“So long Branson, it was a blast.”

Those were the words I chose when I first said goodbye in 2015,  when I was an intern facing his last semester as an undergrad at Missouri State University. It was a time when I was looking ahead to the future thinking those would be my last words to the community.

Oh, if 2015 John Robinson could see me now. I’ve often pushed back against the belief that a reporter stands as an objective pillar of the community they reside in. 

Of course, the reporting is objective, but it’s impossible to stay neutral in the place you call home.

Time has flown by since I’ve returned to the Branson-Tri Lakes News in 2017, and it’s been a roller coaster from the day I arrived. My first byline upon my return was announcing the promotion of then Police Chief Stan Dobbins to the position of then interim city administrator. For my final paper, I wrote a story on the assistant city administrator joining the city.

(Editor’s note: Although John’s final day was July 26, some of his work will not appear in print until the July 31 edition.)

I’ve written about the debut of time-traveling roller coasters and proposed developments at Yakov Smirnoff’s theatre. I watched as work stopped on the 76 project and began on an aquarium at the site of the former Grand Palace Theatre.

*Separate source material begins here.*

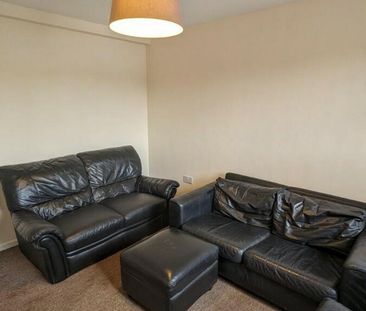 4 bedroom flat to rent - Photo 1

I’ve made lifelong friends at places like Comic Force and seen the meetings of those who connected through loss and war.

Like so many others in this community, I remember where I was the night of July 19, 2018 as the duck boat sank on Table Rock Lake and 17 people died. I also saw how the community responded, and the love and support thrown behind the survivors.

The Tri-Lakes area has been my home now for most of my adult life, and I’m sad to leave it behind once again, but I leave knowing the paper is in excellent hands. Cliff Sain, Tim Church, Natalee Long, Joshua Clark and Jim Connell are working their butts off to report on this community. The same goes for the wonderful folks working the front desk, in advertising and the unsung heroes in the back of the building who print and deliver the words I’m typing now.

Without them, this paper wouldn’t be what it is today. 

If you’re still curious about what’s going on in your community though, I encourage you to get out there and see for yourself.

The Branson Board of Aldermen hold meetings each month, on the second and fourth Tuesdays at 6 p.m. Meetings are open to the public and give the opportunity for residents to speak their mind, regardless of whether the item in question is on the agenda or not. If you can’t go in person, the meetings are streamed online and the audio is available the next day. 

The access to the discussions shaping your community are right there, and the people at this paper will get it to you.

In 2015, the Branson Tri-Lakes News was my last stop before graduation, my final test before “real life” began. Now, it’s the last chapter in my life story before I return to Missouri State University to pursue a masters degree.

So I’ll leave you with this Branson: So long, it’s been a blast and I know we’ll meet again some sunny day.